START DATA EXCERPT

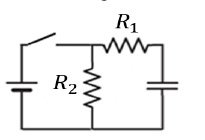 Simple RC circuit with two resistors and a capacitor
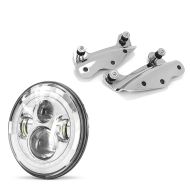 Set: Kit de Fixation à quatre points compatible avec Harley Davidson Touring 2009-2013 chrome Craftride + Phare LED 7" FS7 compatible avec Harley Davidson Street Glide / Special avec marque E chrome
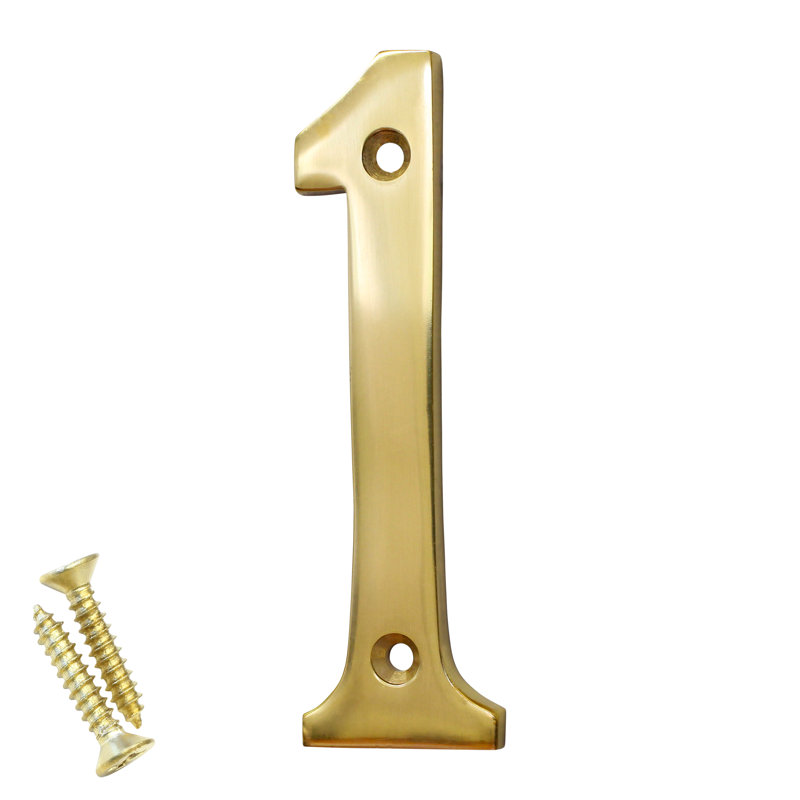 Numéro de maison 4 po, 1, Laiton poli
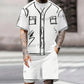 new Men Funny Scribble Sport T-shirt+shorts Suit Set American high luxury Tracksuit Outfit Summer Oversized 2 Piece Set Clothes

END DATA EXCERPT

PROMPT
All of the material shown above needs to be duplicated exactly. Omit every picture.

YOUR SOLUTION
 Simple RC circuit with two resistors and a capacitor
 Set: Kit de Fixation à quatre points compatible avec Harley Davidson Touring 2009-2013 chrome Craftride + Phare LED 7" FS7 compatible avec Harley Davidson Street Glide / Special avec marque E chrome
 Numéro de maison 4 po, 1, Laiton poli
 new Men Funny Scribble Sport T-shirt+shorts Suit Set American high luxury Tracksuit Outfit Summer Oversized 2 Piece Set Clothes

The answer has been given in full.